De Postkoets
“Heel veel jaren geleden op de diligence, reed trots en fier een knappe postiljon,” zo begint het liedje De Postkoets, samen met de voetbalschlager We gaan naar Rome het bekendste werk van tekstdichter Ferry. Hij was op 20 maart 1892 geboren in Amsterdam als Cornelis Johannes Theodorus van Delden, maar werd als ‘Ferry’ bekend. Zou hij zichzelf als postiljon hebben gezien?
Ferry begon zijn werkzame leven als makelaar in tabak in Rotterdam toen hij 16 was, maar besloot na twee jaar van zijn pen te gaan leven, zo zei hij in de Provinciale Noord-Brabantse Courant Het huisgezin van 4 oktober 1958. In een interview met de Waarheid van 13 oktober 1962 vertelde hij hoe hij zijn eerste stappen zette, door veertig teksten te sturen naar Tony Smits, die liedjes schreef voor onder andere Maupie Staal. Hoewel Smits maar twee teksten goed vond, bleek hij toch onder de indruk van Ferry’s talent, getuige zijn commentaar: “jij bent de eerste in tien jaar die het heeft”. Wat ‘het’ was, kon Smits uitleggen: “je hebt humor, je hebt rijm en een aardig ritme”.
Naar eigen zeggen schreef Ferry zo’n 7000 nummers, maar of dat klopt is niet meer vast te stellen, want, zoals hij eveneens zelf opmerkte, hij bewaarde niks. Productief was hij zeker, voor artiesten zoals Lou Bandy, Willy Derby, Bob Scholte, Dorus, Johnny Jordaan en De Selvera’s. Naast De Postkoets en We gaan naar Rome had hij succes met onder meer Aan de muur van het oude kerkhof, De begrafenis van Manke Nelis en Rats, kuch en bonen. Ferry was ook actief als bestuurslid van toonkunstenaarsbond WTL en was mede-oprichter van het fonds Blijvend Applaus, ter ondersteuning van de oude dag van ex-artiesten.

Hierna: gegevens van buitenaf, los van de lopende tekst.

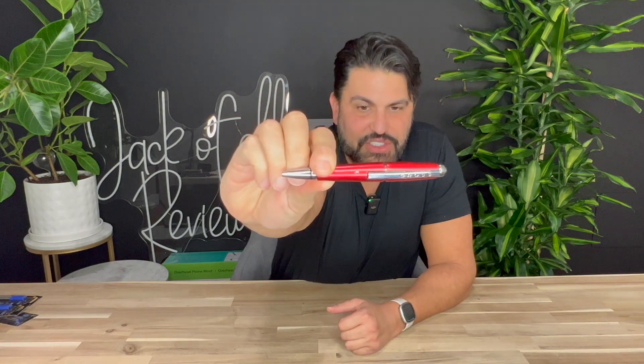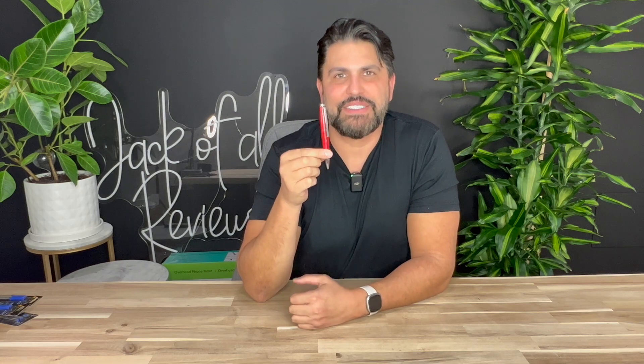Hey guys, how are you doing? Jack from Jack of All Reviews and today we're going to review this unbelievable cross pen. Just take a look at that. Now, I actually own so many of these, it's insane.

Hij was tweemaal getrouwd. Eerst in 1925 met Mietje Maas, van wie hij in november 1939 scheidde, en vervolgens van december ’39 tot zijn overlijden in 1965 met zangeres Tini Lavell. In 1962 kreeg Ferry samen met Hugo de Groot de eerste Gouden Harp van de stichting Conamus.
De Stichting Omroep Muziek bewaart een flink aantal liedjes van Ferry in de collectie bladmuziek. De meeste covers daarvan zijn niet gesigneerd door de ontwerper, maar bijvo
orbeeld Tante To heeft radio, uitgevoerd door Bob Scholte en Kovacs Lajos, wel: daar staat de naam Schwarz bij tekeningetjes van zanger en ensemble. Ook gesigneerd is de omslag van We gaan naar Rome, geschreven voor Willy Derby en getooid met getekende portretjes van de voetballers die in 1934 de eer van het Nederlands elftal hoog moesten houden. Ze zijn van de hand van niemand minder dan Joop Geesink. Op Pinda-Pinda, Lekka-Lekka staat een ‘Chinese’ straatventer, getekend door Kuhn. Dat zou tegenwoordig andere reacties oproepen dan destijds, toen Willy Derby het zong.
Op de voorkant van De Postkoets staat uiteraard een diligence, getekend door Anton Hagendorn. Deze hit van De Selvera’s was de tune van een radioprogramma van de AVRO. De Hilversumse persfotograaf Jacques Stevens maakte in 1956 een foto van de AVRO-koets, voor het studiogebouw aan de ’s-Gravelandseweg. De technicus op de grond is Fred Bosman. De meereizende reporter in 19de-eeuws kostuum met hoge hoed en microfoon is Tom Nieuwenhuijsen, mijn vader.